■ What to produce ■
Would you print the data below exactly, leaving out every picture?

■ Source data ■

————

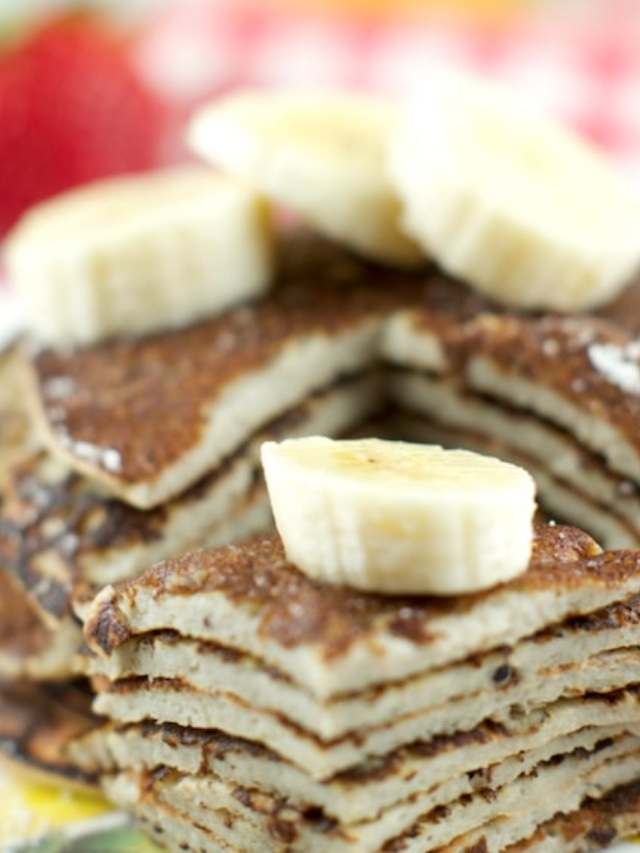 Closeup of stack of pancakes with banana slices on top.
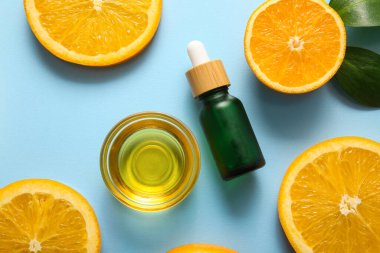 Şişe ve cam kase portakal yağı ve mavi arka planda taze meyve dilimleri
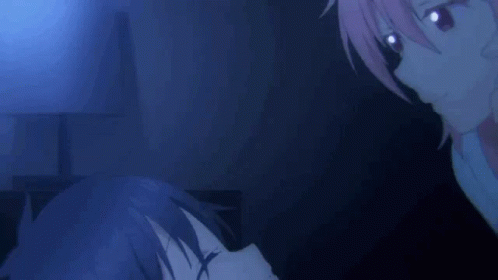 A Girl With Pink Hair Is Laying On A Bed With Her Eyes Closed And A Man Holding Her Hair . GIF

————

■ Task answer ■
 Closeup of stack of pancakes with banana slices on top.
 Şişe ve cam kase portakal yağı ve mavi arka planda taze meyve dilimleri
 A Girl With Pink Hair Is Laying On A Bed With Her Eyes Closed And A Man Holding Her Hair . GIF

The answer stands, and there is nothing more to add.